Qui ne souvient pas du son qui accompagne les foulées de jogging cybernétique de L’Homme qui valait trois milliards ? L’avantage de cette séquence sonore, c’est qu’il suffit d’une petite seconde d’écoute à l’auditeur moyen né avant les années 80 pour qu’il évoque instantanément un effort sportif dopé à la technologie.

C’est un son familier. Un son qui parle à l’inconscient. Quel rapport alors avec le puzzle-game produit par le studio de Tetsuya Mizuguchi, le créateur de Rez (puzzle them up) ? La synesthésie, évidemment. Soit l’art de faire correspondre les sens dans un mouvement unique. En cela Meteos dispose certainement d’une des meilleures bandes son jamais crée pour un puzzle-game. Car pour accompagner son principe simple et efficace (créer des amalgames de trois blocs de la même couleur, horizontaux ou verticaux, pour les renvoyer vers le ciel), Mizuguchi et Sakurai ont habillé chaque mouvement d’une séquence sonore particulière. Qui donne à Meteos dans ses situations les plus critiques des airs de duel musical entre la machine et le joueur. Quand la machine gagne, la mélodie devient frénétique, obsédante… Et chaque tentative du joueur pour renverser la situation sonne comme des arpèges désespérés appelant au répit. Quand le joueur nettoie soudain l’écran de la menace de ces encombrants météores, au grand fracas victorieux succède une mélodie repartant mezzo piano, apaisée. Un principe original et trépidant et une bande son impeccable.

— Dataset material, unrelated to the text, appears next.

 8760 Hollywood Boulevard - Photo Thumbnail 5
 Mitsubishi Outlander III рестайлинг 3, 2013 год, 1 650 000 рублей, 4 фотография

Langage des signes et des sons. Meteos aurait déjà remplit son contrat. Mais Sakurai pousse l’amour du grand tout encore plus loin. Car Meteos a un scénario et une écologie. Une galaxie menacée par une planète clone de l’oeil du Sauron jacksonien. Et la possibilité, en fusionnant les blocs élémentaires envoyés en orbite d’un coup gracieux de stylet, de fusionner de nouvelles planètes façon La Cuisine des mousquetaires. C’est bien simple, une telle diversité d’objet, de musiques et de niveaux à débloquer ne trouve de concurrence que dans les jeux d’aventure, de plates-formes ou dans les RPGs les plus atteints de collectionnites. Une façon astucieuse d’anoblir un genre aujourd’hui sur-représenté et accessible gratuitement sur le Net. Un souci du détail qui fait de Meteos une expérience complète avant même d’avoir donné le premier coup de stylet. En un sens, on peut voir dans la rigueur et l’exhaustivité du puzzle-game de Sakurai comme une tentative d’épuiser toutes les possibilités autour d’un geste pourtant simple. Meteos est un de ces jeux dont une éventuelle suite ne pourrait que décevoir si elle se contentait d’accumuler syndicalement de nouvelles options, et s’éloignait de son originelle pureté. En mixant esthétique rétro-futuriste, les travaux de Pavlov et Skinner (le conditionnement par le son) et un gameplay hommage à la Nasa, Sakurai réalise le fantasme d’un puzzle-game total, réconciliant la frénésie de l’arcade à l’inquiétude stratégique. Le jouissance du cancre à la fierté du premier de la classe.